Sunday, February 15, 2009

Red Oak's Five Things

In an earlier post, I followed a fascinating comment thread to a post of Citizen Carrie's that went through some of the current immigration issues. As the discussion wended its way along, with a hapless anonymous poster who brought very little game being taken to the hole by Carrie and Red Oak, Oak made an excellent point about certain types of arguers:
Description: He "knows" five things, those five things constitute the entire universe of things to be known (outside of the things he needs to know for his own profession, one hopes), he will repeat, all at once or in rotating order, those five things in response to anything you write, and while an occasional new factoid may penetrate, such that the List of Five becomes the List of Six or Seven, no new information is capable of modifying or transforming the original opinion.
If this attitude were confined just to bloggers or commenters, there would be very little to say about it. The wonderful world of Web 2.0 have brought some positives, but it's also given a forum to people who would normally only have the bartender to listen.

But there are serious professionals with major credentials who have the same attitude. It's fairly clear that large segments of our lawmakers are concerned only with adhering to either: strict party orthodoxy, or self-aggrandizement in preparation for the next election. (Oh, wait, I said serious professionals.)

So let's talk about economists, and let's talk about the subject of the original Carrie post: immigration policy. Economists "know" a few things: free trade is always good, the labor market is just like any other, an increase in supply (with constant demand) leads to lower prices (I could probably find two more to bring us to five, but these will suffice).

Where do those three things lead us? First of all, globalization is an unalloyed good. To believe that requires us to take a two-nation, two-good model that everyone accepts and extend it to a couple of hundred countries, multinational entities, government, and citizens with differing priorities and needs, but, no matter, the conclusion still applies.
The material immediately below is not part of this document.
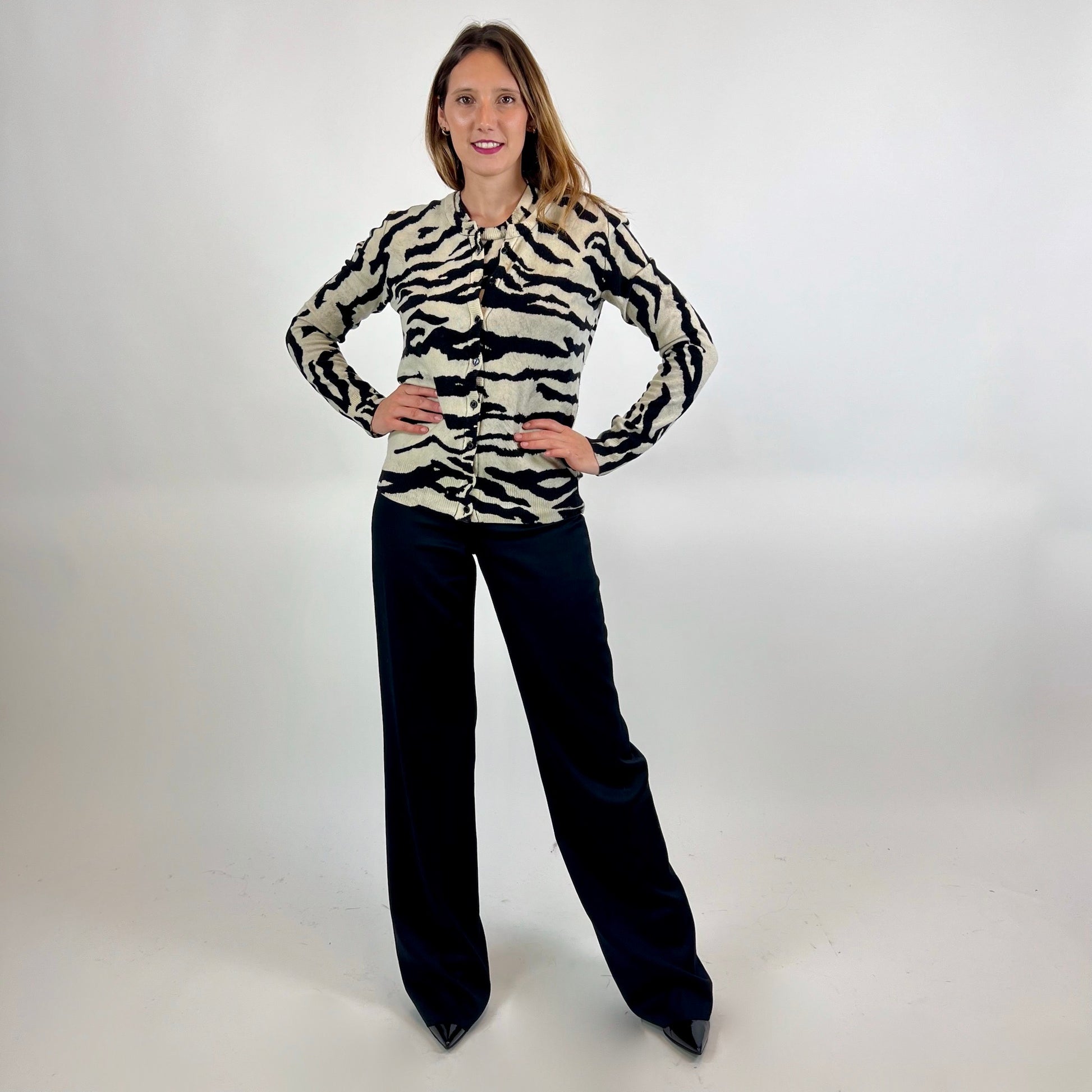 DOLCE & GABBANA Twin set in cashmere tigrato bianco e nero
Therefore, since labor is just like any other good, it makes sense to move it overseas or to bring lower-priced workers to this country. Either way, this action increases the labor supply.

So, since the supply of labor has increased, and, presumably, demand is roughly constant, the price of labor must go down, whether it's for manufacturing that has moved to Shenzhen or computer programming being done by H-1Bs in Phoenix.

Now is where we run into a pretty big problem. It's going to be very hard to make up for the loss of a career by saving a few bucks on a sweater, and most people can see that pretty clearly. But free trade is always good. Paradox!! (And we're leaving out the part where economists are actually embedded in the world of politics, so they can't admit that there will be losses to major parts of our population through their policies.)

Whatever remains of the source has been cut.